Der CheckIn vor dem eigentlichen Workshop dient dazu, Eure Ablenkungen zu beseitigen und Dir, dem Team oder den Teilnehmer*innen zu ermöglichen, sich ganz auf den Workshop und damit auf das Neue einzulassen.
Der Check In ist eine bewusste Vorgehensweise, bei der es nicht unbedingt um den Inhalt des Workshops gehen muss (aber kann), sondern darum, die eigenen Gedanken zu ordnen und die Zusammenarbeit zu fördern. Denn wenn man erkennt, was einen ablenkt, ist es einfacher, diese Dinge, diese Gedanken für die Zeit des Workshops beiseite zu legen und sich produktiv in das Thema einzubringen.
Oft ist es doch so, dass wir mit tausend anderen Dingen beschäftigt sind: Die einzuhaltende Frist für die Abgabe des Projektantrags steht vor der Tür, die Krankmeldungen flattern rein, die Kids zu Hause sind krank und die Partnerin musste auf eine wichtige Dienstreise. Und da steht die nächste Teamsitzung an (hier habe ich übrigens beschrieben, wie man Teamsitzungen gestaltet – aber sinnvoll!) und wir sollen jetzt auch noch einen Workshop zum Thema XY machen?
Ja, manchmal ist das so. Und deswegen braucht es die volle Aufmerksamkeit: Wir wollen nicht nur effektiv an den richtigen und oftmals wichtigen Dingen arbeiten, sondern auch noch möglichst effizient sein. Denn die (zeitlichen) Ressourcen sind enorm begrenzt.

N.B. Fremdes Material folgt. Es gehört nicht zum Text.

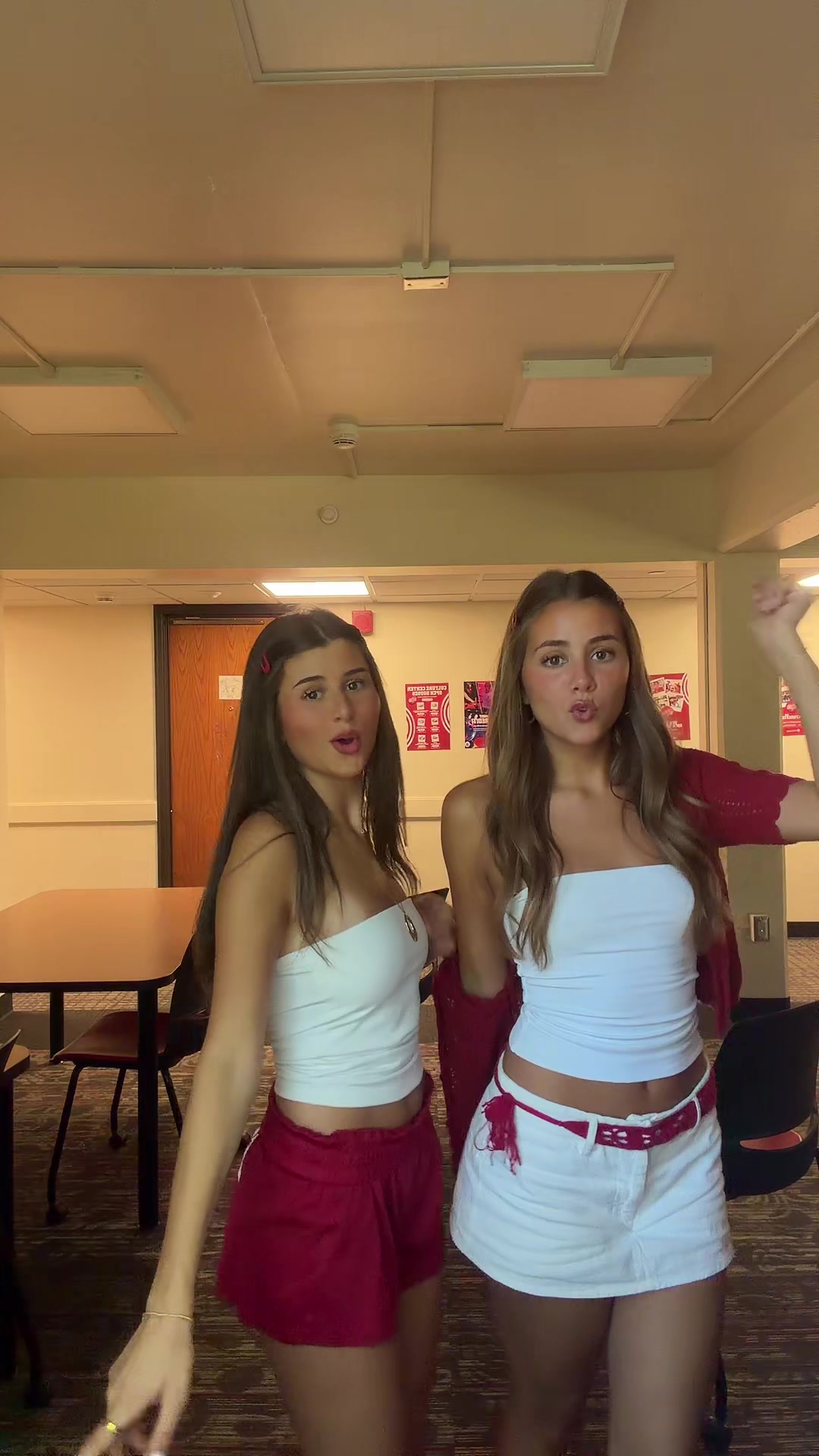 @ella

Ein Check In bietet außerdem die Möglichkeit, schon zu Beginn des Workshops Stimmungen wahrzunehmen oder Probleme anzusprechen, die sonst den gesamten Workshop belastet hätten („Mir gehts heut nicht gut, weil…“ oder „Mich beschäftigt gerade, dass…“).
Check In – wie geht man vor?
Das Vorgehen ist denkbar einfach:
Bei einem Check In beantwortet jede*r Teilnehmer*in zu Beginn des Workshops (ach ja: oder zum Beginn der Teamsitzung) eine vorab durch den*die Moderator*in festgelegte Frage, die – wie gesagt – nichts mit dem Workshop zu tun haben muss (aber kann).

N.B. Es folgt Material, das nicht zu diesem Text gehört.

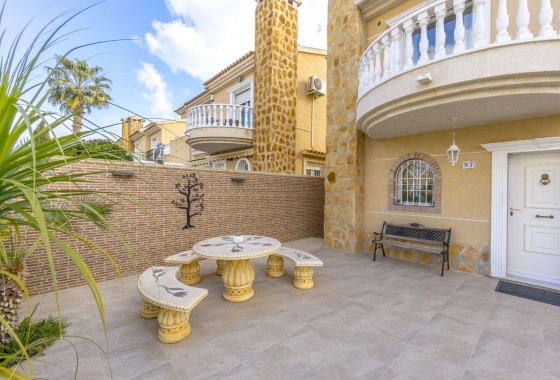 Reventa - Chalet - Torrevieja - Aguas nuevas 1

Es geht darum, schnell und einfach einzusteigen.
Wichtig ist jedoch, dass jede Person zu Wort kommt oder aber – in Online-Workshops – den Chat zur Antwort nutzt oder auf ein vorab vorbereitetes Whiteboard schreibt.
Ob online oder in Präsenz: Durch den Check In zu Beginn des Workshops
steigerst Du die gedankliche und körperliche Präsenz Deiner Teilnehmer*innen.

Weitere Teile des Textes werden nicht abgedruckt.